Seringkali kita memikirkan tentang diri kita sendiri. Saya tidak mengatakan kita tidak boleh memikirkan diri sendiri sama sekali. Tidak. Memikirkan diri sendiri itu baik; apa yang harus dikenakan besok saat ke sekolah atau kerja, apa yang akan dimakan esok pagi supaya seharian tidak lapar, apa yang harus dikerjakan besok agar PR fisika selesai namun makalah Biologi juga dapat dicicil dan belajar untuk ulangan bahasa Inggris bisa terlaksanakan juga. Namun, bukan berarti kita harus terus menerus egois dengan memikirkan diri sendiri. Kita tidak hidup sendiri, ada orang lain di sekitar kita yang sebetulnya akan sangat terbantu jika kita mau mau membuka hati dan mengulurkan tangan kita. Mungkin hal ini terdengar klise, tetapi, pada dasarnya, kita adalah makhluk sosial. Orang lain membutuhkan kita sama halnya seperti kita membutuhkan orang lain.

Lagipula, melayani orang lain tidak harus melayani dengan melakukan hal-hal yang besar dan luar biasa. Kalau Anda bisa melakukan hal-hal yang besar, syukur Alhamdulillah. Tetapi, arti dari melayani itu sendiri bukan hanya sekadar melakukan hal-hal besar. Melayani berarti ketulusan hati untuk menolong orang lain, sekecil apapun bentuknya, agar beban berat orang tersebut terangkat, meskipun dalam jumlah sedikit. Melayani berarti mengorbankan waktu dan tenaga, sesedikit apapun, untuk membuat orang lain merasa lebih bahagia. Melayani berarti melakukan kebajikan.

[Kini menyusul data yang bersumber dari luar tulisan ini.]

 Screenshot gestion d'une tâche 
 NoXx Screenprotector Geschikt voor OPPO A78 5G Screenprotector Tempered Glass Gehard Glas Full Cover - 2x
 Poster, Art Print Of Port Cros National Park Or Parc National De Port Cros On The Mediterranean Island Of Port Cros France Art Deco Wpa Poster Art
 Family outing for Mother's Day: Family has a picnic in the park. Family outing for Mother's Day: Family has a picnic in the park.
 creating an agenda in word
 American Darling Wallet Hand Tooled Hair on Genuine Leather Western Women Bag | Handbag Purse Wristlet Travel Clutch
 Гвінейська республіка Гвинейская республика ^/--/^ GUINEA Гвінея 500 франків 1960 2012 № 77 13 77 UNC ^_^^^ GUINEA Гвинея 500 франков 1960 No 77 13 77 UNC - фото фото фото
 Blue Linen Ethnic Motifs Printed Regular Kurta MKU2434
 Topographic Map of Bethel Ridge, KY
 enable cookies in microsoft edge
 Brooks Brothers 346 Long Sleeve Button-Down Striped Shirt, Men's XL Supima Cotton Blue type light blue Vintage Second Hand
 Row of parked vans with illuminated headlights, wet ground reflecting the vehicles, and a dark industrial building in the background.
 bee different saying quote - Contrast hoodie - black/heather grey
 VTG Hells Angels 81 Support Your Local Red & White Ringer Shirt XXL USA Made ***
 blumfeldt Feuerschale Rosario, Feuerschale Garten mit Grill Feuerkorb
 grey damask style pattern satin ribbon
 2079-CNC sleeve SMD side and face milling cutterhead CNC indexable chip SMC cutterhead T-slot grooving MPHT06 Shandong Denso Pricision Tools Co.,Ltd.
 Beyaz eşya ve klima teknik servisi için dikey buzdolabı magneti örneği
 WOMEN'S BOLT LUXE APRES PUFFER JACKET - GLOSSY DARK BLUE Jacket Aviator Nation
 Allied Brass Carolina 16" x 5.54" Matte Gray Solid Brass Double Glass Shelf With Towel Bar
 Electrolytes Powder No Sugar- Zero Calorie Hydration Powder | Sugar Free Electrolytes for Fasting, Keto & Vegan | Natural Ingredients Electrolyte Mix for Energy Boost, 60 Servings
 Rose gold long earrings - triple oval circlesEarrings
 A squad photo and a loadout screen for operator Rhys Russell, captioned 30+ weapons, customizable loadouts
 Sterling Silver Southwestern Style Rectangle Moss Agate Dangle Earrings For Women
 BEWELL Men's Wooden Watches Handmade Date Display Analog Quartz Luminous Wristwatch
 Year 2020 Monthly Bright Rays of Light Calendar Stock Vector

Mengucapkan terima kasih atau tolong, tersenyum pada orang asing, mengucapkan salam pada guru atau atasan, mengambilkan selembar uang Rp 5.000,00 yang jatuh dari kantung Anda. Tidak perlu mengeluarkan uang banyak, dan tidak perlu menghabiskan waktu berjam-jam; tapi Anda sudah melakukan pelayanan. Buat Anda, mungkin hal ini tidak berarti apa-apa. Tetapi, bayangkan jika Anda ada dalam posisi mereka. Bayangkan jika Anda sedang kerepotan membawa plastik belanjaan berisi susu bayi, mi instan, ayam goreng untuk makan malam, sayur bayam dan kangkung, dan sebagainya. Anda merasa kerepotan membuka pintu toko karena Anda harus meletakkan semua tetek bengek Anda ke lantai, dan tiba-tiba ada seorang asing yang menahan pintu untuk Anda, mempersilakan Anda lewat sebelum orang itu sendiri keluar. Apa rasanya? Atau ketika Anda sedang merasa murung, dan tiba-tiba seorang asing tersenyum ramah pada Anda ketika Anda masuk ke dalam kereta. Rasanya seperti masih ada kebaikan di dunia ini, bukan? (Kalau Anda merasa emosional, memang Anda akan merasa seperti melebih-lebihkan suasana).

Melayani dengan melakukan hal-hal yang besar sangat diharapkan. Memberikan sumbangan sebesar seperempat dari kekayaan kita untuk anak-anak kelaparan di Papua, menjadi dokter atau guru untuk dikirim ke pelosok daerah terpencil, mendedikasikan waktu kita untuk menjadi volunteer dalam posko bencana alam. Hal-hal tersebut merupakan kebajikan yang luar biasa, tapi jarang dapat dilakukan karena event-event tersebut tidak terjadi setiap hari. Lihatlah ke sekeliling Anda, bukalah telinga Anda untuk mendengar jeritan minta tolong yang disamarkan dengan rintihan halus, ketuklah pintu hati Anda untuk "mencucikan piring orang lain". Banyak orang yang membutuhkan pelayanan Anda, sekecil apapun. Yang menjadi pertanyaan sekarang adalah, apakah Anda mau menyebarkan kebajikan-kebajikan ke dunia sekitar Anda?